So, I filed a separate bug, but it is marked duplication of this now...
Depends on: 729116
I can't reproduce this for some reason, but I believe the following is happening here. In the past when an accelerated canvas was changed in size to a point where it was bigger than we could accelerate, (i.e. from SetDimensions) we'd create a fallback DrawTarget of 1x1. Now we're setting just mValid to false. Since the user doesn't execute a new GetContext they can just continue using the old context, which is now no longer valid.

i.e.

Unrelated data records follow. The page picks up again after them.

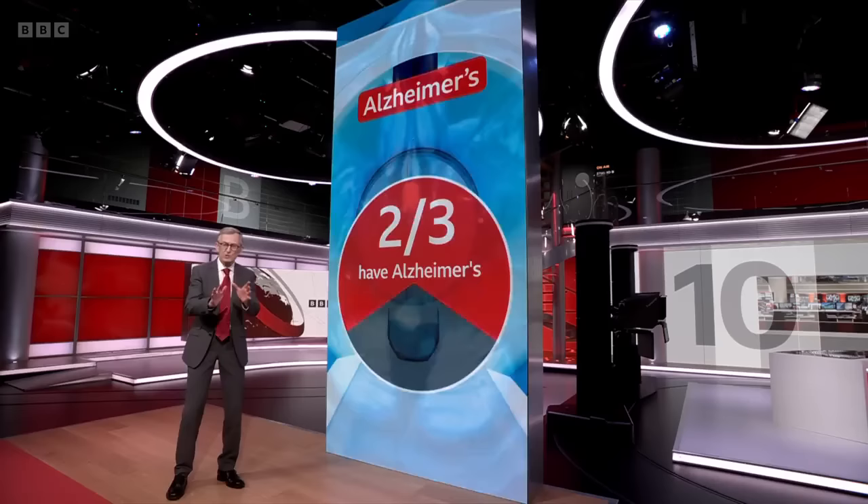We're still perhaps five years away from Alzheimer's blood tests being available on the NHS, but they could help revolutionise diagnosis of the condition.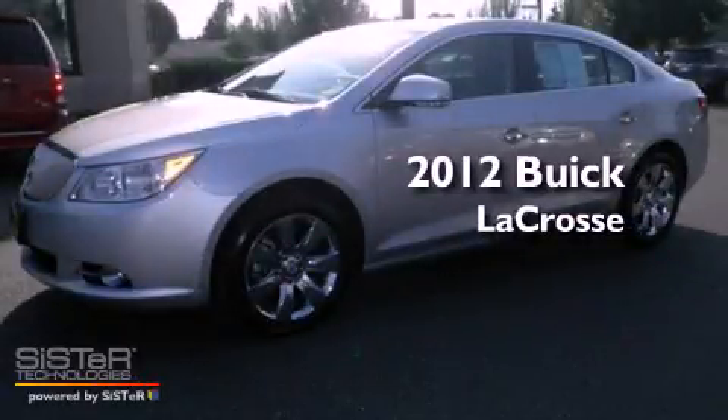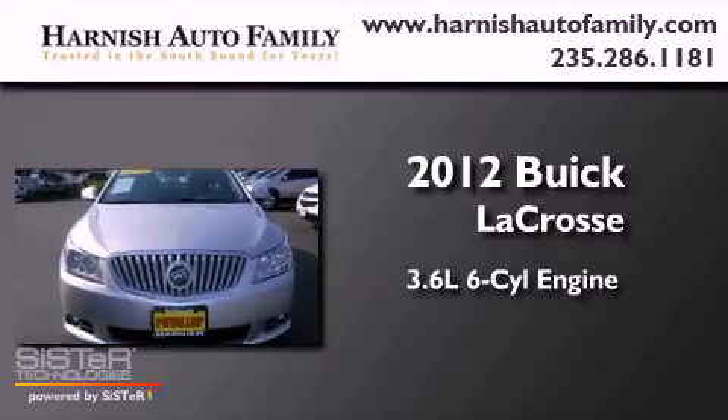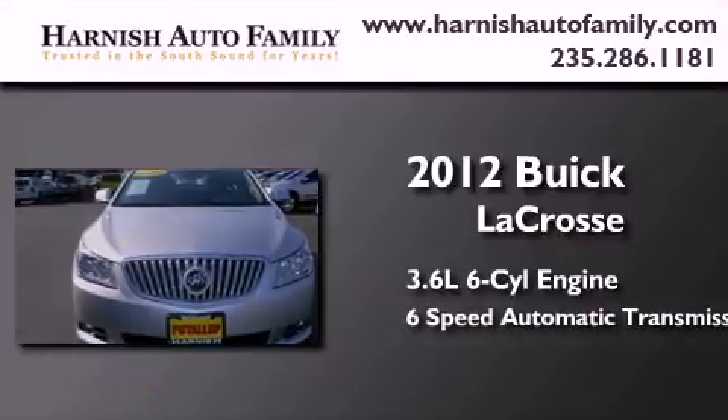This is a 2012 Buick LaCrosse. It features a 3.6-liter, six-cylinder engine and a six-speed automatic transmission.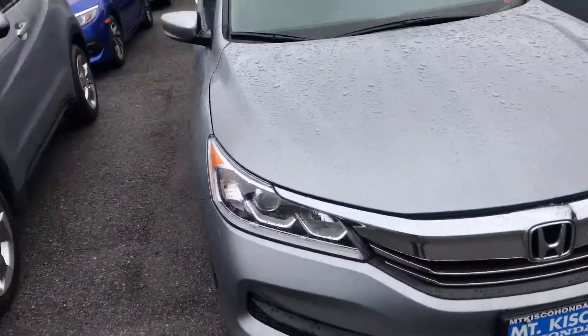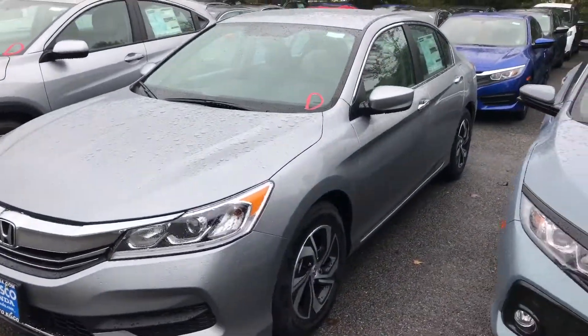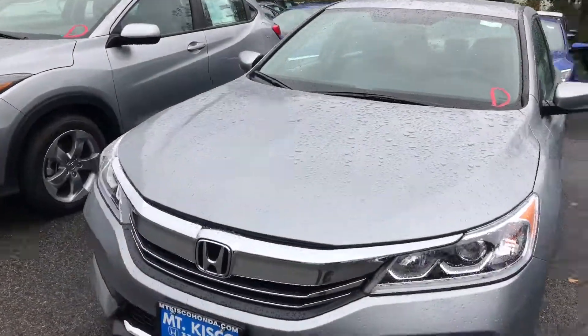Beautiful LED daytime running lights and a comb finish in the front. I definitely recommend you come on in and take it for a test drive before all the 2017s are gone. There are beautiful programs going on — great savings. Once again, my name is Gabriel from Mt Kisco Honda. I look forward to meeting you. Thanks.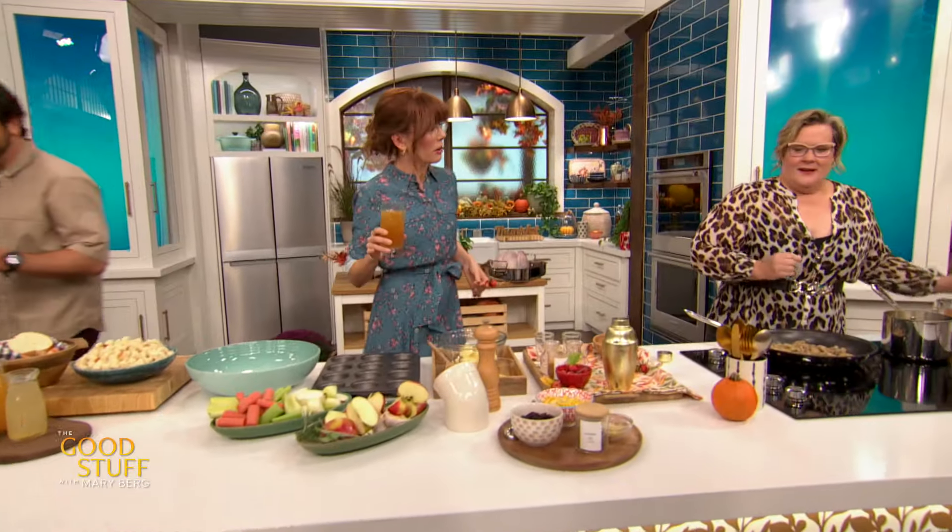Andrea, you are gonna get started on the turkey, right? I am gonna do the turkey, and I have to say, I love being the person in charge of the turkey because it is actually the easiest thing to do. Everyone thinks it's the showstopper, but it's the easy one. You just put it in the oven and you forget it.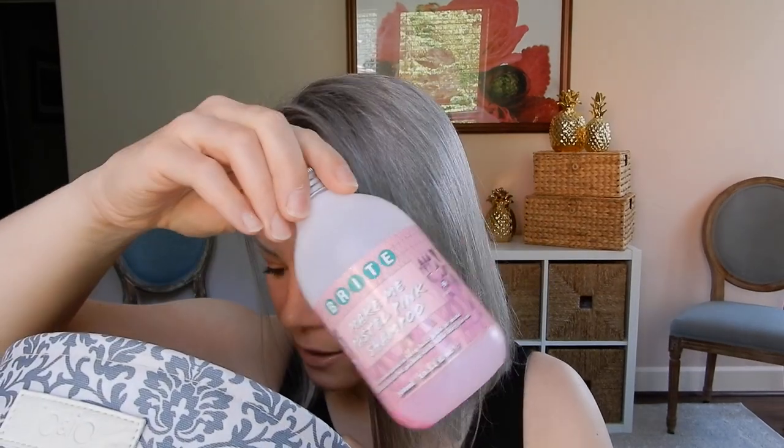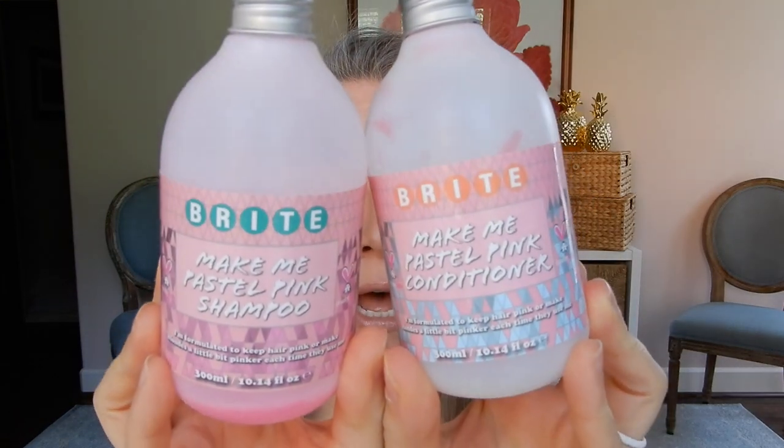I also finished the Make Me Pastel Pink Shampoo and Conditioner from Bright. Very pink, but it didn't really work that well on my gray hair — it made it a little bit warmer in color. It's not a hydrating product, so I'm glad I finished it and I won't personally repurchase. If you have bleached hair that you dye pink, you should get it as a maintenance product because it is definitely pigmented. It just doesn't grip to gray hair — purple and blue hold like nobody's business, but pink not so much.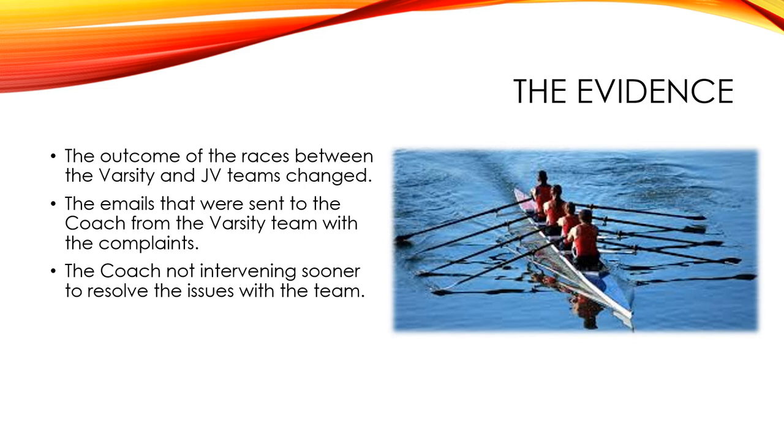The outcome of the races was that the JV kept beating the varsity team. Then there were the emails — the coach had suggested they send emails to help motivate each other and inspire each other to build up team spirit — but it went the opposite way. There were so many complaints coming from the varsity team, while the JV team had inspiring messages sent back and forth, and they had great team spirit because they felt they had nothing to lose.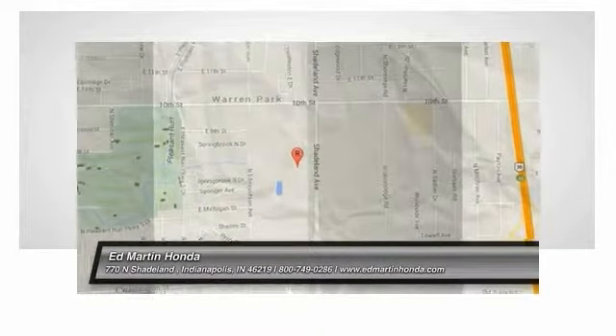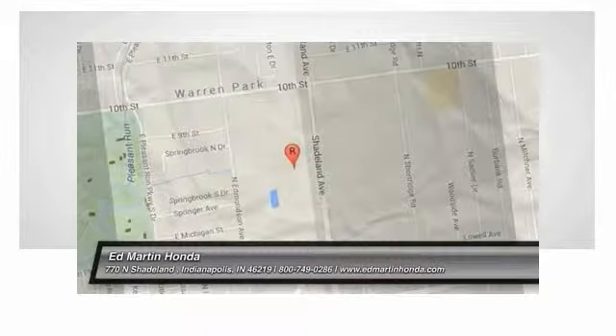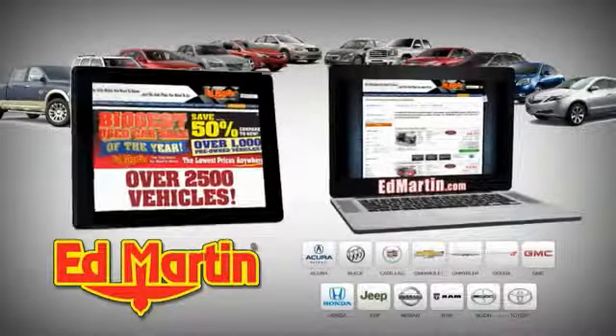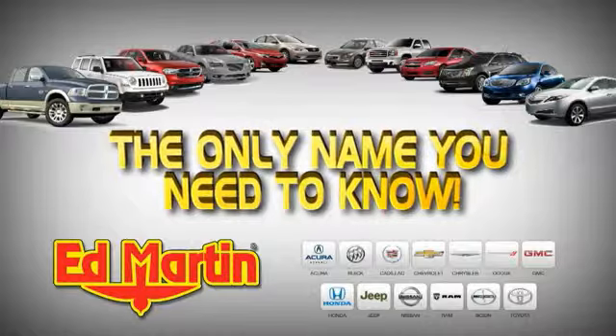Drive it today. 8 locations, 13 brands, over 2,500 new and used vehicles online at EdMartin.com. Ed Martin is the only name you need to know.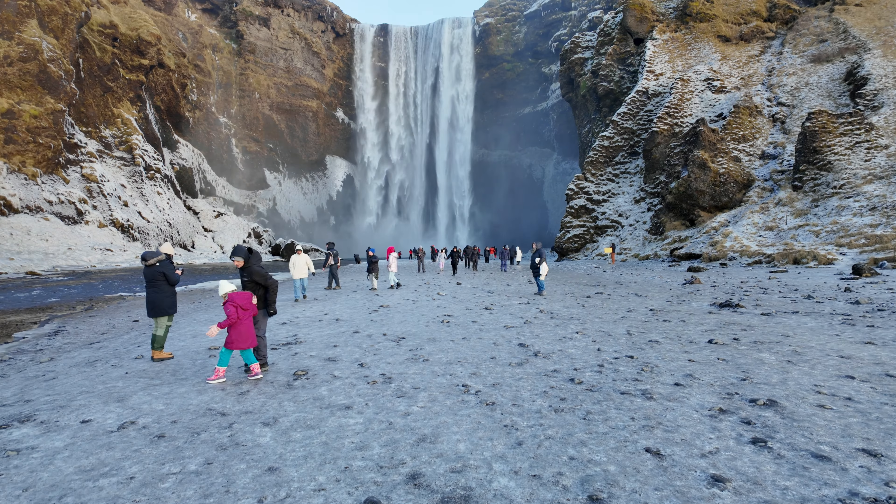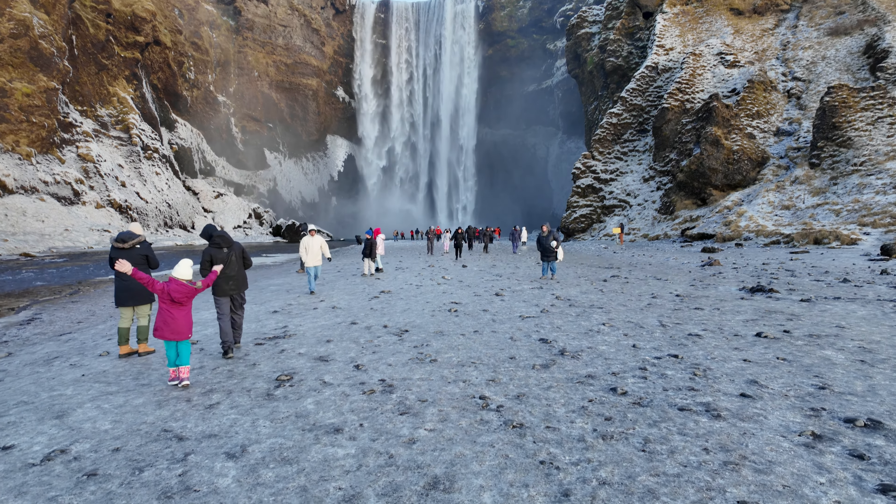Just be careful walking on ice — you might be able to see it behind me. It's very slippery because the water from the waterfall is obviously freezing.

Roc's comment in the above patch is incorrect:

'// nsHTMLCanvasElement::GetContext. If target was non-null then mTarget is
// non-null, otherwise we'll return an error here and GetContext won't
// return this context object and we'll never enter this code again.'

This is true for the initial call to InitializeWithTarget but -not- for subsequent calls through resizing of the canvas.

There's a couple of band-aids we could do here to return old behaviour, I'm not sure if we can do a 'real' fix though without using Skia DrawTargets. (which I don't think is an option in beta)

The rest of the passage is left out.